[Extracted information]

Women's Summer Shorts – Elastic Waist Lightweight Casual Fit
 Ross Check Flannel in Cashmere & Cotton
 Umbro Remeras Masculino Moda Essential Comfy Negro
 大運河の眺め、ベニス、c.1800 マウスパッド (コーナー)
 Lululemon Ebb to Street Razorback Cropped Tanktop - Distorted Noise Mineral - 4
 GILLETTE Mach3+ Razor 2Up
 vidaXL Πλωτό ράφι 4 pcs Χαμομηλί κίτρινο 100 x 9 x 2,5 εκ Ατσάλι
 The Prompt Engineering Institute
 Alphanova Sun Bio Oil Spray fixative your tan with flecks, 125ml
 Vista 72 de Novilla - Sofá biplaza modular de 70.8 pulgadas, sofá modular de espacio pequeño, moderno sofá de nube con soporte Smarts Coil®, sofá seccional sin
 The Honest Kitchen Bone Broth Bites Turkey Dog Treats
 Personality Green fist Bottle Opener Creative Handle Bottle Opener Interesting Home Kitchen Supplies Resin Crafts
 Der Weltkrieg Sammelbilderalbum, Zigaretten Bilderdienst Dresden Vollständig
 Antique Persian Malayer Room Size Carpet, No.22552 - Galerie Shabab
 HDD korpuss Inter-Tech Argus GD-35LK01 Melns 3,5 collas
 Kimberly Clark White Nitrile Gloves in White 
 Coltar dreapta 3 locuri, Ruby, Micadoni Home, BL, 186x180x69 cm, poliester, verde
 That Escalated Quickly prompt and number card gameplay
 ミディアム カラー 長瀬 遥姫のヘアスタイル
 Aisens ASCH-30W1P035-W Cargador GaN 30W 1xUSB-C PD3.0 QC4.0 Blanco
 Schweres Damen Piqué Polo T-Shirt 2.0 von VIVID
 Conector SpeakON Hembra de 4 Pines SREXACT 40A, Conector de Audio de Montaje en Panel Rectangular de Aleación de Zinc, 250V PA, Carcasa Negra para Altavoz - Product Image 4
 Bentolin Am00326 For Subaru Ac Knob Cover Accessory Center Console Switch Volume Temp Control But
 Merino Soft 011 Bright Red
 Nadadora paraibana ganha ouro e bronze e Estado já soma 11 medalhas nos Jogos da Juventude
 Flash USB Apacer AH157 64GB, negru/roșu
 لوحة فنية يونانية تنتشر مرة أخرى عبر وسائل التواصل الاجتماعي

[Problem to solve] Give only the number of lines above that hold the string "Home".

[Solution below] 2